Atticus Finch, of course, is the fictional southern lawyer in Harper Lee's wonderful novel To Kill a Mockingbird, which I read and taught many times during my career as a high school English teacher. But a few years earlier, before Lee wrote Mockingbird, she wrote Go Set a Watchman, and in that book Atticus made some statements about segregation and race you wouldn't expect from the man we learned to love in the classic novel. That means the character was conceived as a bigot before he was re-envisioned as the perfect man in Mockingbird. But Watchman is set twenty years after Mockingbird, so it was an older Atticus who showed himself to be a bigot. Before. After. The whole thing is confusing on a number of levels.

In case you haven't read any of the statements Atticus made in Watchman, which is set soon after the Brown v. Board of Education decision outlawing school segregation, here are two of his most often quoted lines.
“Do you want Negroes by the carload in our schools and churches and theaters? Do you want them in our world?”
And
"[The south should] be left alone to keep house without advice from the N.A.A.C.P.”
It's coincidental, and fortuitous, that the two dramatically different versions of Atticus Finch have been revealed at a moment when the importance of race and racism in our society is being discussed with greater candor and intensity than we've discussed it in decades. We're trying to determine how racist we are as a country, how deeply and permanently racism, structural and personal, is ingrained in our society. People are asking the question, "How far have we advanced since the bad old days of Jim Crow, or have we advanced at all?" Now, along with the police killings of black men, the massacre of black Christians in a church in Charleston, South Carolina, and the arguments about whether a flag that dates from the Confederacy is a symbol or regional pride or a celebration of slavery and racism, we have the issue encapsulated in a fictional character who most people know either from Mockingbird the novel or the very faithful film adaptation. Have we fallen in love with a man who makes us feel good because he embodies what we want to be as people and a nation, but who is actually tainted with the very bigotry he appeared to transcend? Are many of us deluded about the depth of racism in our society, which actually lurks just a few inches below the surface, ready to leap forth at the slightest provocation, as it did in Atticus when he was confronted with a new world where the rules of the old segregationist south were being challenged?

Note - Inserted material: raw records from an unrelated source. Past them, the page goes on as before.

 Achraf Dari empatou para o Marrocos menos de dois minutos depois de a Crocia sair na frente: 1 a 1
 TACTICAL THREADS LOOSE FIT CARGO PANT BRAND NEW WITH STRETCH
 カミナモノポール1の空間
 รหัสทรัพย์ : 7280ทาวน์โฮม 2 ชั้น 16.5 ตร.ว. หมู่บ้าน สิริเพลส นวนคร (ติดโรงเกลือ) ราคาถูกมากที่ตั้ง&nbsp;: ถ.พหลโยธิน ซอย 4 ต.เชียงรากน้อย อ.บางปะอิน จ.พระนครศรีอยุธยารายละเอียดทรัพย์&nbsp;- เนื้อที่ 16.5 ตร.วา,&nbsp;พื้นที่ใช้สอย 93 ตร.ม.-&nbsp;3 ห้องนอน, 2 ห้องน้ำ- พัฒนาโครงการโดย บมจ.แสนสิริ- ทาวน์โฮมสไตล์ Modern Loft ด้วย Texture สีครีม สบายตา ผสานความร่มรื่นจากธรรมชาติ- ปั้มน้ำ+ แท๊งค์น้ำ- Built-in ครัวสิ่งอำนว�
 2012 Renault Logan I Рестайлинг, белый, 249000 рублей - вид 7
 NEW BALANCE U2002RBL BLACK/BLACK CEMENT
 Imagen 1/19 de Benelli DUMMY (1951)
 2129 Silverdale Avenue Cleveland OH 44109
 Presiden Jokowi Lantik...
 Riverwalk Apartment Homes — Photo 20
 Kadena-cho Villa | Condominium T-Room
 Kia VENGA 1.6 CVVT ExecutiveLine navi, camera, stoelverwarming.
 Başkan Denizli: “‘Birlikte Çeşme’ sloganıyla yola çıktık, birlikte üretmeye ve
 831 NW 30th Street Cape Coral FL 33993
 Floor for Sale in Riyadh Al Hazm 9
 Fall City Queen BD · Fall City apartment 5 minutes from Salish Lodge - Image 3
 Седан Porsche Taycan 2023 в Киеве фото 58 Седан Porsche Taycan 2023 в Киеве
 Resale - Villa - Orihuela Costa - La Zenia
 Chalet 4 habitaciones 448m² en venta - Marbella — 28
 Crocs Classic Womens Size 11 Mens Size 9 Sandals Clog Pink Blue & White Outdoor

Watchman is told from the point of view of an adult woman, a 26 year old who left her small southern town and moved to New York. She returned to her home town and was shocked to hear her father, who she adored and idolized as a young girl, spouting racist, segregationist rhetoric. That book was rejected by her editor. He told her to expand on the book's flashbacks to her childhood. The result was Mockingbird, where Atticus is seen through the eyes of his adoring, innocent six year old daughter who has no concept of the complexities of the world around her and is willing to accept a simpler, more idealized version of her father and the racist world she lived in. We learned to love the six year old's version of the south portrayed in the book, because it made us feel good. That world was far from perfect, but it was redeemable. Bad things happened, but we could see the beginnings of the transformation that would make this a better, possibly even a post-racial, country. We wanted to believe that. But how  true was it then? And how true is it today? The earlier version of the book is very possibly a more accurate, and far more troubling, depiction of our world.